Aim of the task: When you return the lines below, go from the first through the line with "Left Hand Fabric", keep them exact, and leave out every picture.

(Stored records)
====================

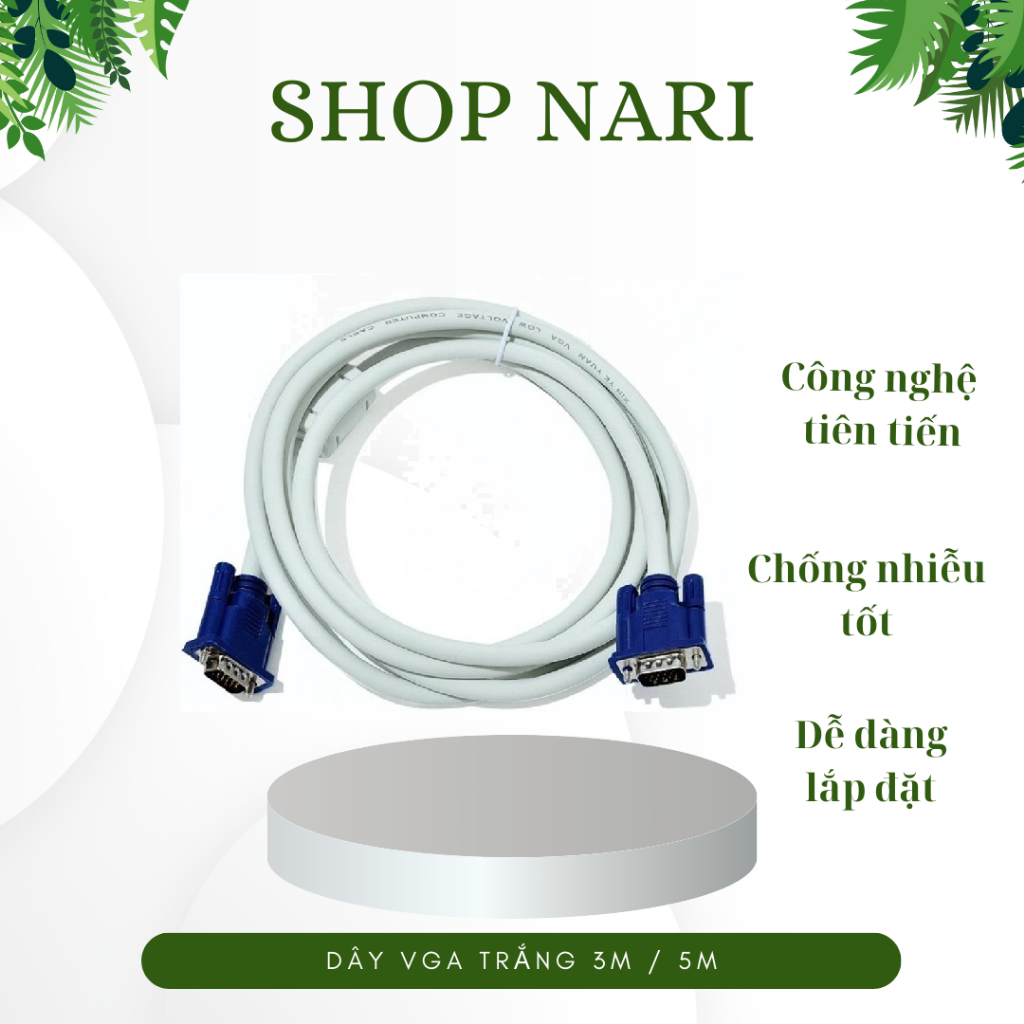 Dây VGA 3M truyền tín hiệu ổn định hình ảnh sắc nét chống nhiễu chống gãy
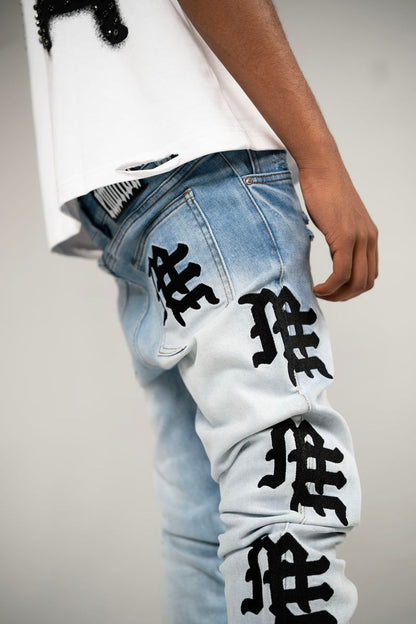 Mixed Emotion Monogram Denim Light Blue Wash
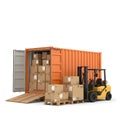 Yellow Forklift Loading Cardboard Boxes into Shipping Container Royalty Free Stock Photo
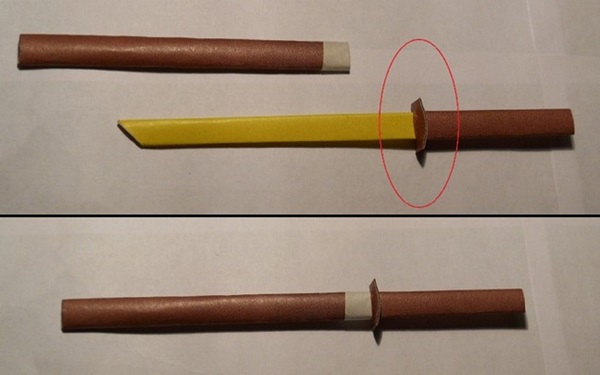 Wie man mit eigenen Händen ein Schwert aus Papier macht
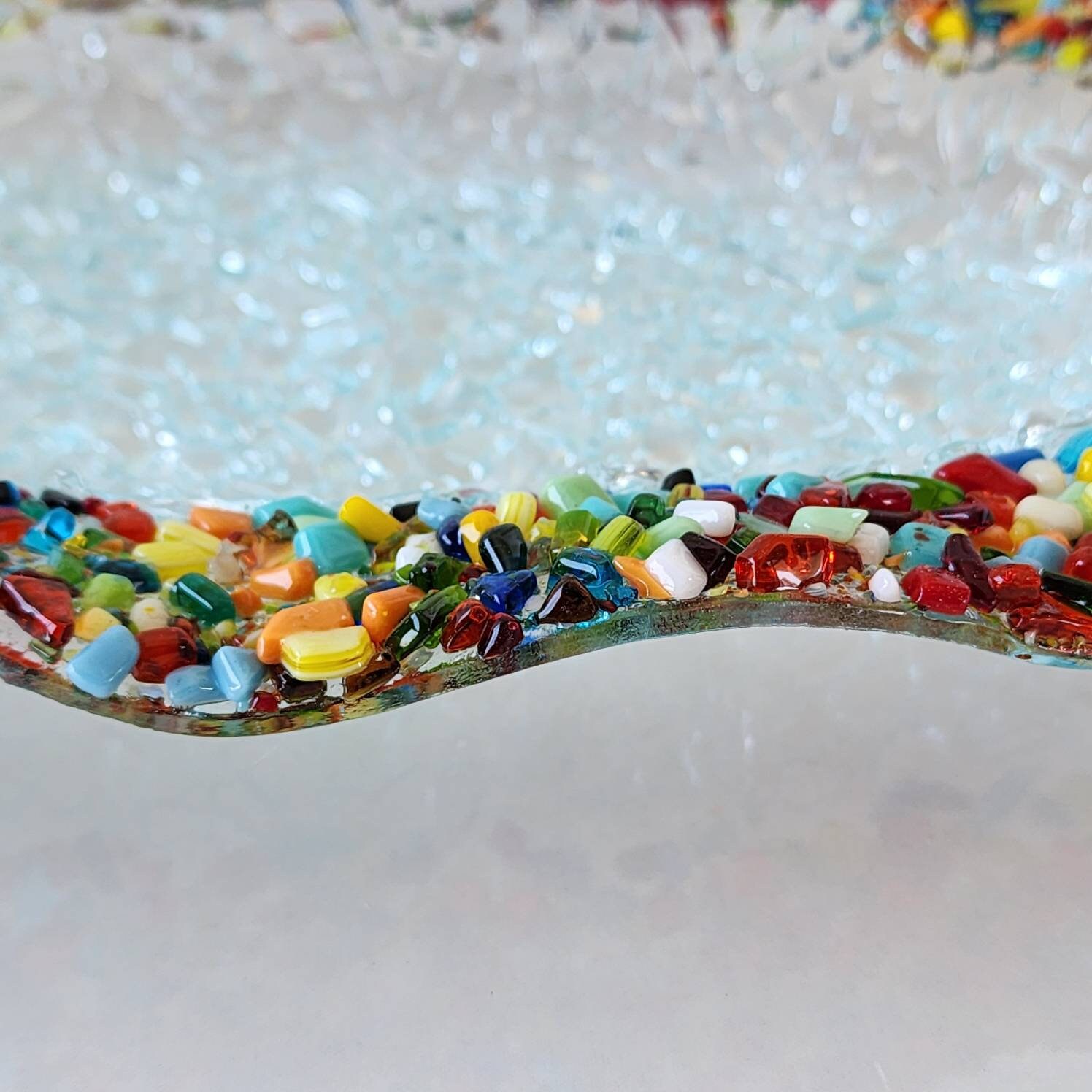 Fused Glass Wavy Bowl, Glass Bowl Table Decor ,fused Glass Art
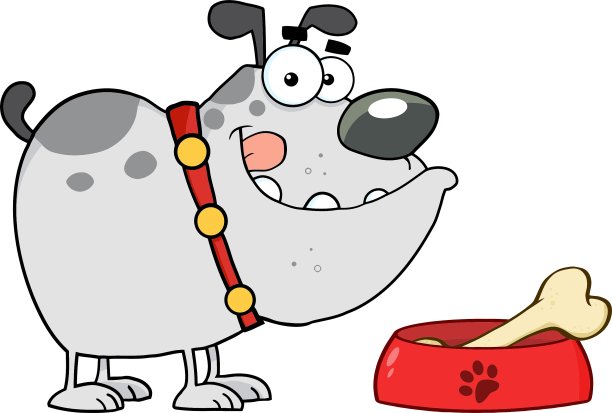 灰色斗牛犬，碗里有根骨头图片下载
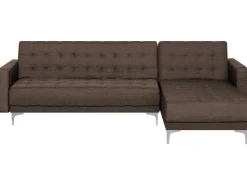 Left Hand Fabric Corner Sofa Dark Brown Aberdeen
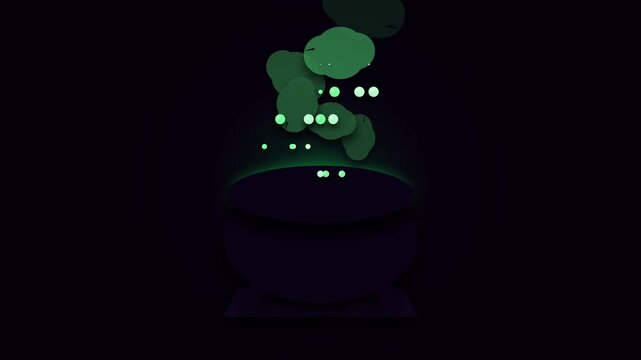 Animated halloween cauldron with glowing green magic potion bubbles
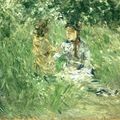 Женщина и ребенок на лугу в Буживале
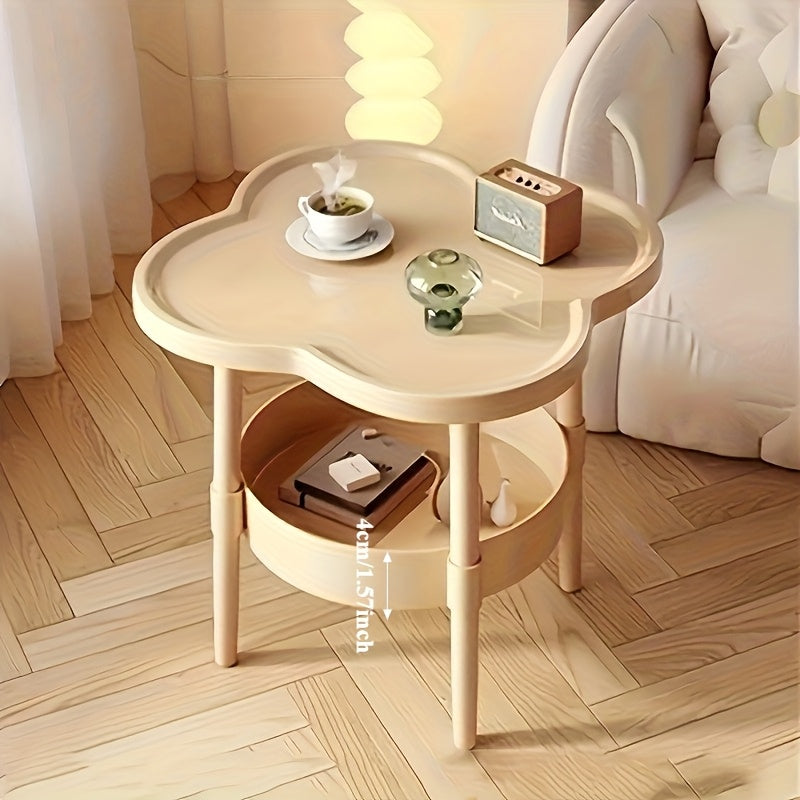 1pc of Classic and Stylish Two-tier Storage Table, Which Can Be Used as a Bedside Storage Table, Living Room Coffee Table, Mobile Shelf, or Sofa Side Table. It Is Perfect for the Kitchen, Bathroom, and Bedroom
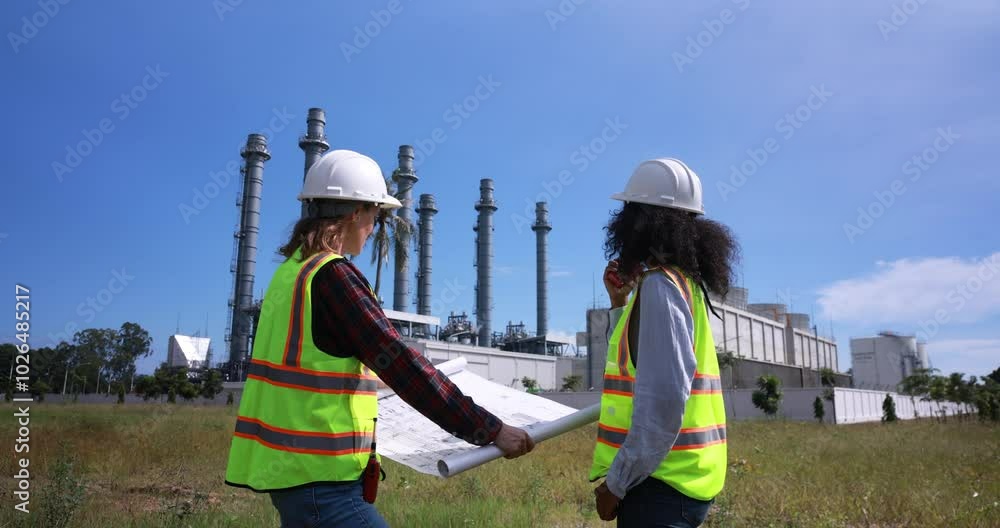 Two female construction engineers collaborating on a construction site with a blueprint plan observing their work and using a walkie talkie to communicate with the team in a thermal power plant area Two female construction engineers collaborating on a construction site with a blueprint plan observing their work and using a walkie talkie to communicate with the team in a thermal power plant area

====================

Output of the task:
 Dây VGA 3M truyền tín hiệu ổn định hình ảnh sắc nét chống nhiễu chống gãy
 Mixed Emotion Monogram Denim Light Blue Wash
 Yellow Forklift Loading Cardboard Boxes into Shipping Container Royalty Free Stock Photo
 Wie man mit eigenen Händen ein Schwert aus Papier macht
 Fused Glass Wavy Bowl, Glass Bowl Table Decor ,fused Glass Art
 灰色斗牛犬，碗里有根骨头图片下载
 Left Hand Fabric Corner Sofa Dark Brown Aberdeen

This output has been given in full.